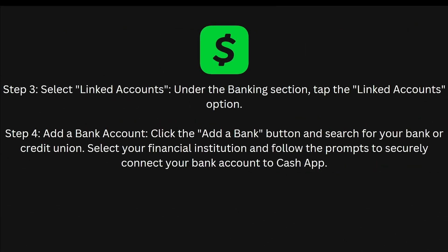The third step is to select linked accounts. Under the banking section, tap the linked accounts option. The fourth step is to add a bank account. Click the add a bank button and search for your bank or credit union. Select your financial institution and follow the prompts to securely connect your bank account to Cash App.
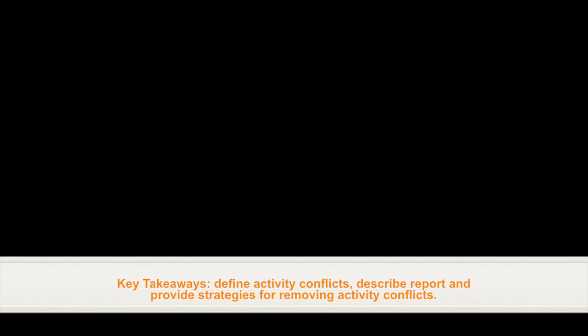This concludes my web tutorial on Understanding the Activity Conflict Report.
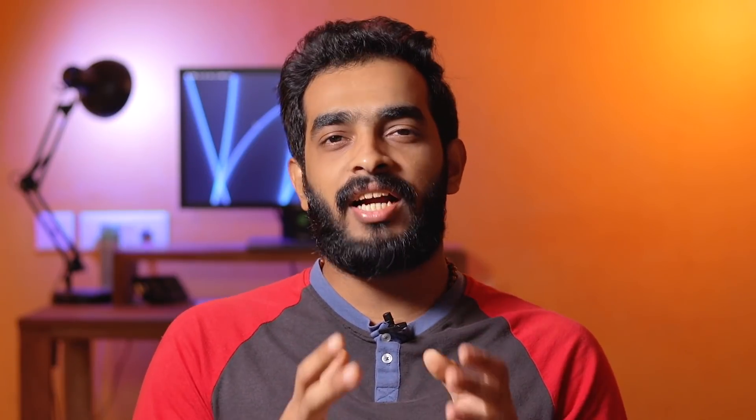If you check Facebook or Instagram and get a pop-up, you can click on it. It says 'Help keep Facebook free of charge.' If you want to keep Facebook free, you can allow tracking by clicking on that option.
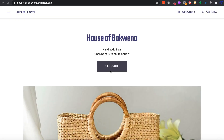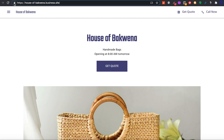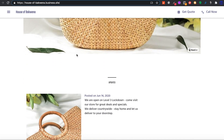In this course, we are going to learn how you can create a free website from Google My Business to start selling your products online. This is the final product of what we're going to build — a free website from Google My Business. It comes with a domain name already set for you, ending in .business.site, and includes a free SSL certificate.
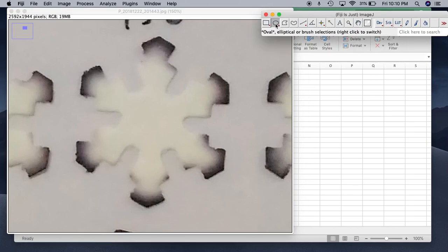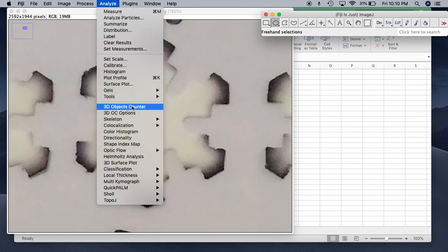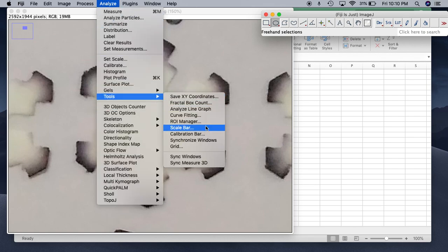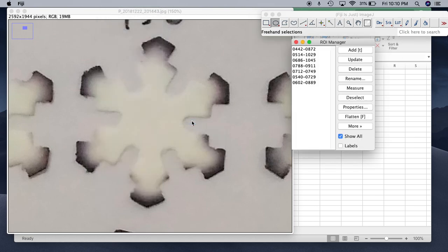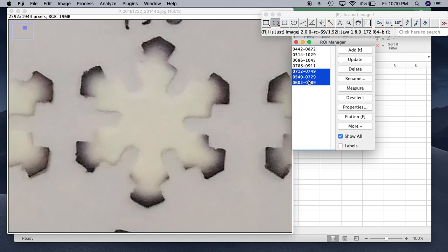Now the second thing I'm going to do is go to Analyze, then Tools, and ROI Manager. So I already have all the coordinates over here, so I'm just going to delete them.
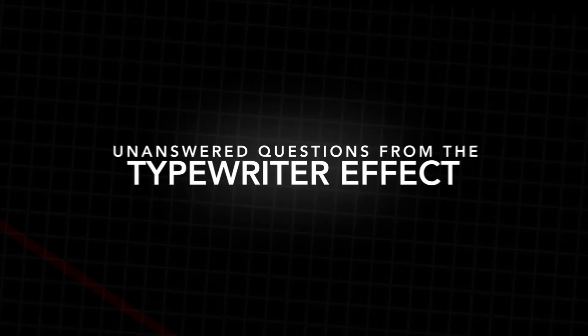In this video, I'm jumping into one of my old videos and answering some of your unanswered questions. Let's get right into it.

WHAT THIS TASK INVOLVES => What you give back must match the lines from the start of the records through the line that contains "In this course, we", exactly, with the pictures left out.

EXERCISE OUTPUT =>
The third step is to select linked accounts. Under the banking section, tap the linked accounts option. The fourth step is to add a bank account. Click the add a bank button and search for your bank or credit union. Select your financial institution and follow the prompts to securely connect your bank account to Cash App.
This concludes my web tutorial on Understanding the Activity Conflict Report.
If you check Facebook or Instagram and get a pop-up, you can click on it. It says 'Help keep Facebook free of charge.' If you want to keep Facebook free, you can allow tracking by clicking on that option.
In this course, we are going to learn how you can create a free website from Google My Business to start selling your products online. This is the final product of what we're going to build — a free website from Google My Business. It comes with a domain name already set for you, ending in .business.site, and includes a free SSL certificate.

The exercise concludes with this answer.